Strona:PL G Füllborn Tajemnice stolicy świata.djvu/952

Z Wikiźródeł, wolnej biblioteki
Ta strona została przepisana.

Czytelniczki nasze pojmują zapewne, zkąd pochodziła ta odwaga?
Przypomniała sobie uprzejmego nieznajomego, który jéj przyrzekł nowe farby.
Ta myśl zachęciła ją do zniesienia wszystkiego.
Ochmistrzyni tak mocno pochwyciła Józefinę za rękę, że w tém pochwyceniu objawił się cały gniew i niecierpliwość.
— Niegodziwe, niewdzięczne stworzenie, mówiła pobożna kobieta z przerażającą miną: obym się ciebie raz nakoniec pozbyć mogła!

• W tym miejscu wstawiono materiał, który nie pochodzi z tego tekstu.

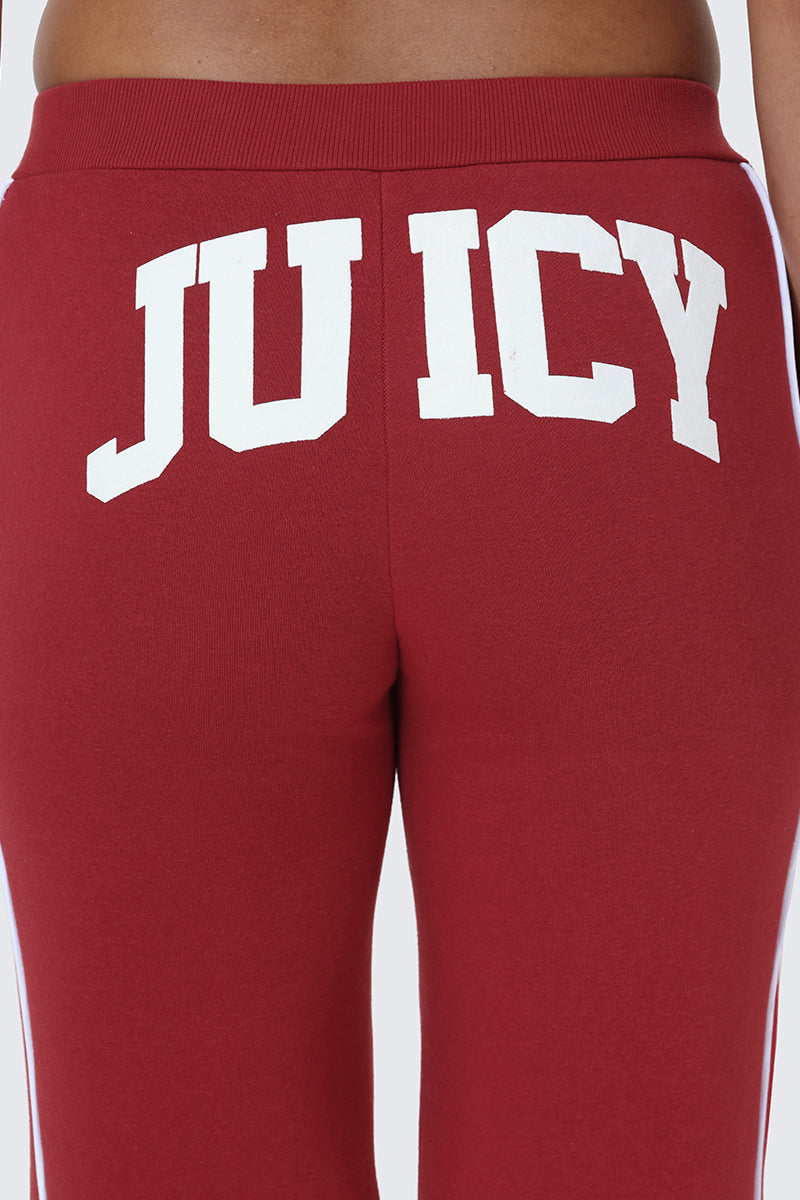 Close-up of a person wearing Scottie Fleece Wide Leg Pants in red, featuring the word "JUICY" in bold white letters printed across the back.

Ale czekaj-no, kolej twoja nadejdzie już niedługo, a dam ci miejsce, w którém się pewno poprawisz! Nadużywasz mojéj pobłażliwości i dobroci — ale teraz ukarzę cię bez litości!
— O mój Boże, ja nic złego nie zrobiłam! słysząc to poszepnęła dziewczyna.
— Co, nędzne stworzenie? Chcesz się usprawiedliwiać? Zamyślasz znowu wywinąć się zuchwałém kłamstwem? Czekaj, ono ci nie ujdzie! Oto, panie przełożony, rzekła ochmistrzyni, otwierając drzwi swojego pokoju i wpychając przez nie Józefinę, oto jest wąż!
Truchlejąca dziewczyna ujrzała przed sobą człowieka ze złowrogiemi, wielkiemi, czarnemi oczami, który się w bazarze tak przykro z nią obchodził — przeszywał ją spojrzeniem, tak, że spuściła niewinne oczy.
— Tak, właśnie to samo nieposłuszne, nieokrzesane stworzenie! odpowiedział kościelny przełożony Schwartz; znajdziemy środek na poprawienie go!
— Proszę pana, pomóż mi kochany panie przełożony — bo jestem zawsze za powolna i dobra!
Józefina spojrzała zdziwiona na ochmistrzynię — powolna i dobra powiedziała? a przytém przewracając oczami, spojrzała w niebo?
— Kiedy malowałaś te obrazki, które śmiałaś wystawiać? spytał przełożony.
— Odpowiadaj! Kiedyś je malowała? powtórzyła ochmistrzyni.